(Work task): Up to and including the line that holds "Official Case for", copy every line of the records below exactly, starting at the first; leave pictures out.

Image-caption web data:
Segment Open

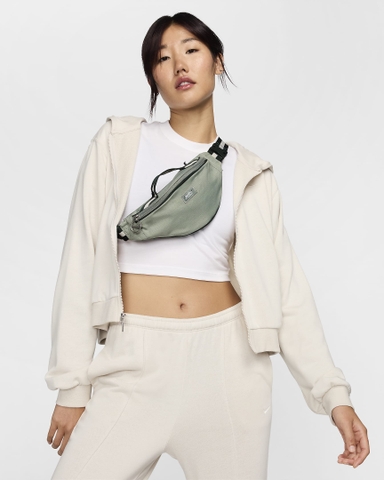 Túi thể thao Nike Heritage Retro Hip Pack Unisex DR6266-370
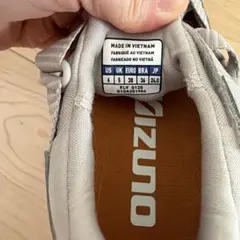 MIZUNO スニーカーWave Prophecy Strapのサムネイル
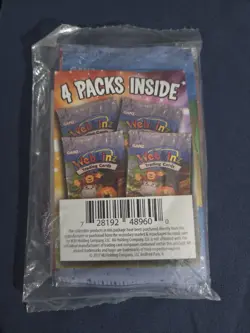 Lot of (12) Packs Webkinz Trading Cards Online Codes New - Image 3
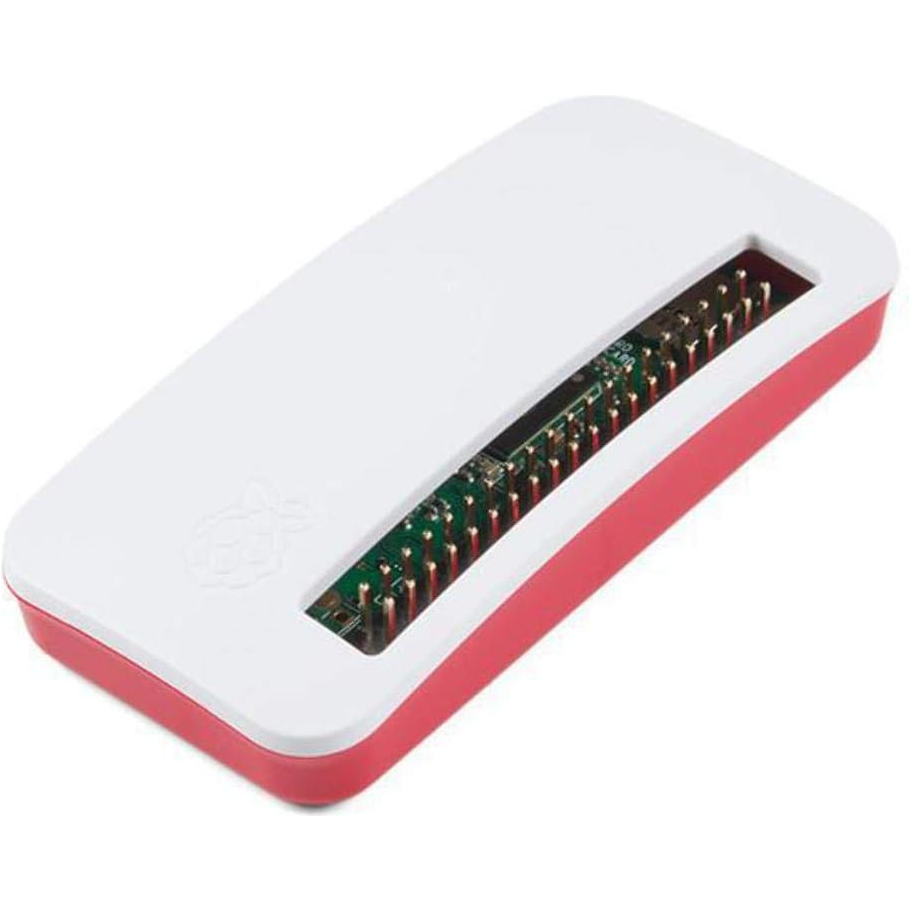 Official Case for Raspberry Pi Zero or Zero W | vilros.com – Vilros.com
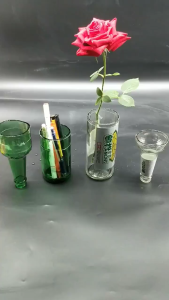 Glass Bottle Cutting Tool Wine Bottle Cutter DIY Cutting Bottle Tool Cutter Glass Cutter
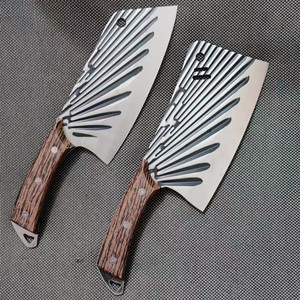 Kitchen <b>knife</b>, forged slicing <b>knife</b>, meat cleaver, <b>fish</b> butchering <b>knife</b>, chopping <b>knife</b>, multi-purpose <b>knife</b>, traveling <b>knife</b> - Product Image 1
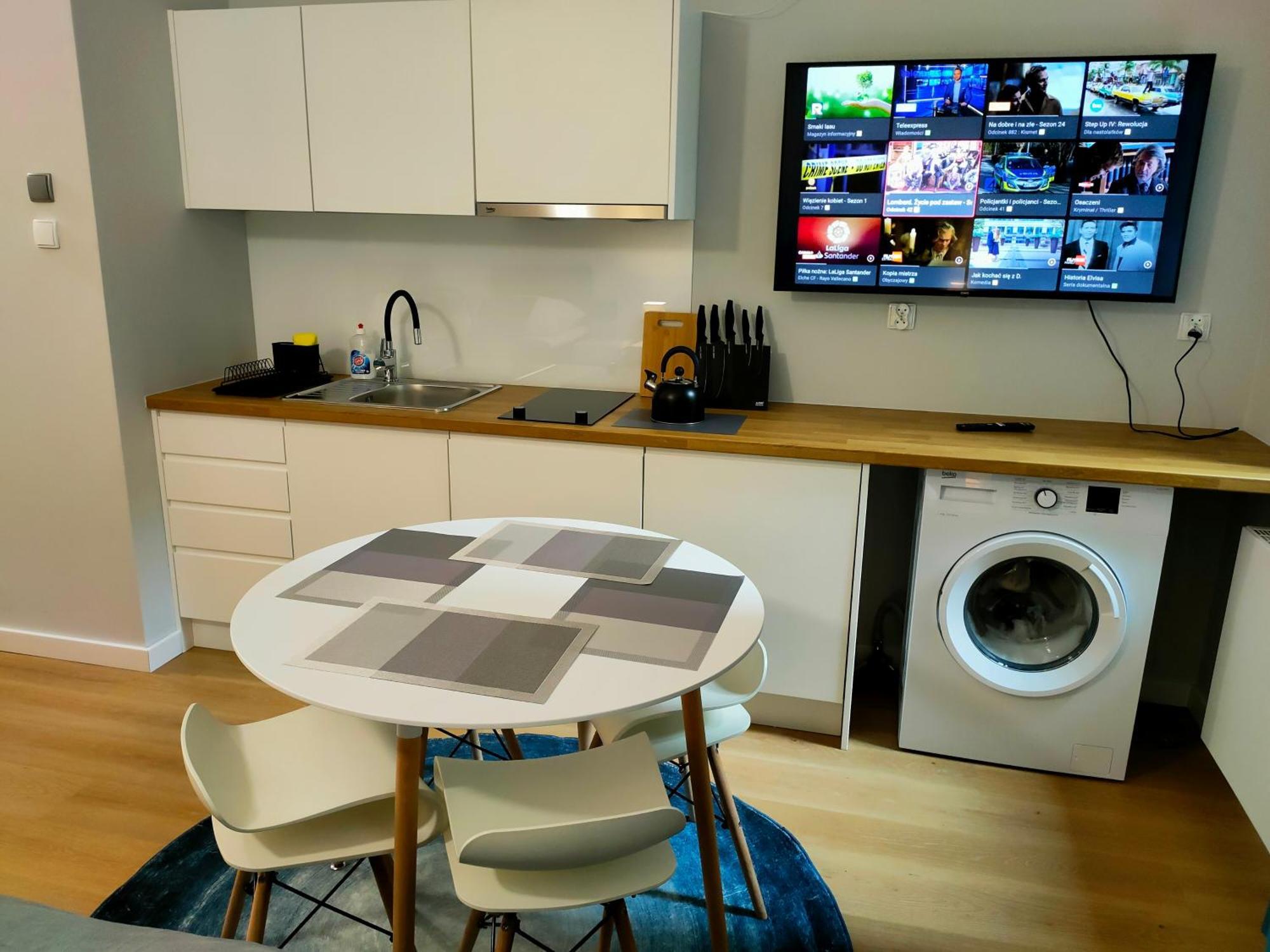 Hugo Vip Apartments Krakow Dış mekan fotoğraf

Segment Closed

(Output):
 Túi thể thao Nike Heritage Retro Hip Pack Unisex DR6266-370
 MIZUNO スニーカーWave Prophecy Strapのサムネイル
 Lot of (12) Packs Webkinz Trading Cards Online Codes New - Image 3
 Official Case for Raspberry Pi Zero or Zero W | vilros.com – Vilros.com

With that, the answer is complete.